Documentary Delves Into Confronting and Overcoming Cheating in a Relationship

Relationship therapist Simone Bienne says partners can overcome cheating.

— -- There are many opinions on whether you can, or should, overcome cheating in a relationship.

Real-life couple Ali and Andrew, who were together for seven years, confronted each other and their issues after a two-year separation, and now their story has gone viral as part of an interactive documentary titled, {THE AND}, created by The Skin Deep.

“Why did you cheat on me so many times?” Ali asks in the compelling video.

“I did not, like, do the act of cheating,” Andrew replies. “I never slept with anybody else.”

“Just own up to it though,” Ali continues.

“I think it’s because I was interested in other options,” Andrew says.

After a long pause, Ali begins crying.

“If you could change one thing in our relationship, what would it be and why?” Andrew asks Ali.

“I know there were a lot of trust issues and I blamed you for a lot of things but I wasn’t perfect,” she tells him.

In part two of the interactive documentary, Ali asks Andrew, “Who is at fault for the relationship ending?”

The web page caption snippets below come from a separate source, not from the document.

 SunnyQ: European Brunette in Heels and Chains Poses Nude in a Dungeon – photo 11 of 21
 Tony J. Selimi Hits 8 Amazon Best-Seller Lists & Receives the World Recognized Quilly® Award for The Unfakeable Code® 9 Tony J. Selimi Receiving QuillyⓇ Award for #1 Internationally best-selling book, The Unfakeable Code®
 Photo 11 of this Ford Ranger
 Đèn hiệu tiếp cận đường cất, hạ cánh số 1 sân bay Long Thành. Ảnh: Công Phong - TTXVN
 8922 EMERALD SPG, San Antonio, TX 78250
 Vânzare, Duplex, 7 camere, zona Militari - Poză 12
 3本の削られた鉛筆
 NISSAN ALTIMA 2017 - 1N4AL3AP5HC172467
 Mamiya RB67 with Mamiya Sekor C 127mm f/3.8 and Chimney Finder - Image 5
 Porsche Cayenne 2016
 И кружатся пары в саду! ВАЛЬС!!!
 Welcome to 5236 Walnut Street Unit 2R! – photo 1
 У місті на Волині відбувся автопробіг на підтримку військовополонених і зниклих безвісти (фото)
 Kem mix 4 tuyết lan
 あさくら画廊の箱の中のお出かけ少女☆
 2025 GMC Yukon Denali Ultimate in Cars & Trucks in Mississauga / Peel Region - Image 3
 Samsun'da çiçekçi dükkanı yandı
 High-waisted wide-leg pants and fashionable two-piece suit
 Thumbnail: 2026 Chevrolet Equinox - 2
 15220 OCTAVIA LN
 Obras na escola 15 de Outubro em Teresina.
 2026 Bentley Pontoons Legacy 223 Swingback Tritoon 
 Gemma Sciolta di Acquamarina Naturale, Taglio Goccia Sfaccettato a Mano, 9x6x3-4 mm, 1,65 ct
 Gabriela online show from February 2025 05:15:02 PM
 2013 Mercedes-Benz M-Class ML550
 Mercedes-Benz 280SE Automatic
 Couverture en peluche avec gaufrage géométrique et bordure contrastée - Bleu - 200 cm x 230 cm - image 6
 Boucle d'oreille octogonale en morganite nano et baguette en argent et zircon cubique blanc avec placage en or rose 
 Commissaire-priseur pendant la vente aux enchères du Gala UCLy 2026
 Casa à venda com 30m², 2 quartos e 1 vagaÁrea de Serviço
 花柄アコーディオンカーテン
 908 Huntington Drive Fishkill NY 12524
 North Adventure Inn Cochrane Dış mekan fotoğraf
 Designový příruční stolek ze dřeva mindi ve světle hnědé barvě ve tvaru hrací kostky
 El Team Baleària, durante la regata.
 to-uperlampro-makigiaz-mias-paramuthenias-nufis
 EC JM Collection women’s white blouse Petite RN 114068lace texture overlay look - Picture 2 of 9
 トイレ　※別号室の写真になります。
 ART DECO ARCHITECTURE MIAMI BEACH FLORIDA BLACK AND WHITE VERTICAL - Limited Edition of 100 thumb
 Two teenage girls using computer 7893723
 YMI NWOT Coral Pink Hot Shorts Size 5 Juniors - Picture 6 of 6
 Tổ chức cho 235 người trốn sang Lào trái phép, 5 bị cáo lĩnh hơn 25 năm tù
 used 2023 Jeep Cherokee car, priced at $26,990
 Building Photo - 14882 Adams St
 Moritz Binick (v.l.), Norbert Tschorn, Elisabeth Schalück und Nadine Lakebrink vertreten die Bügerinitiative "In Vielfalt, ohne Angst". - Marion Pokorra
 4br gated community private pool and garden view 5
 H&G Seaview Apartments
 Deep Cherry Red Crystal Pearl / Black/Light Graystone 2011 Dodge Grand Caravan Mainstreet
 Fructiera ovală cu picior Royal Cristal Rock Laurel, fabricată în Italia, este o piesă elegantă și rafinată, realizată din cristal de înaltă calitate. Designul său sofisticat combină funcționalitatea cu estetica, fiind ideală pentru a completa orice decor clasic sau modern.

“I think me,” Andrew says, which surprises his former girlfriend.

“Really?” she asks.

“Definitely. 100 percent,” says Andrew.

Relationship therapist and life coach Simone Bienne believes couples can overcome cheating, and in fact they should, even if they don’t stay together, because otherwise the same pattern could repeat itself in subsequent relationships.

“I think they represent a lot of us, actually,” Bienne said on ABC News' “Good Morning America” today. “I think his number one need is to feel important and significant and I think her number one need is to feel loved, and I think there’s a clash there. If you need to feel significant, that’s where we go wrong because you are going to do anything to make your needs come true and meet your needs, and that includes going against your values and cheating.”

Bienne said we can “absolutely” learn from this couple.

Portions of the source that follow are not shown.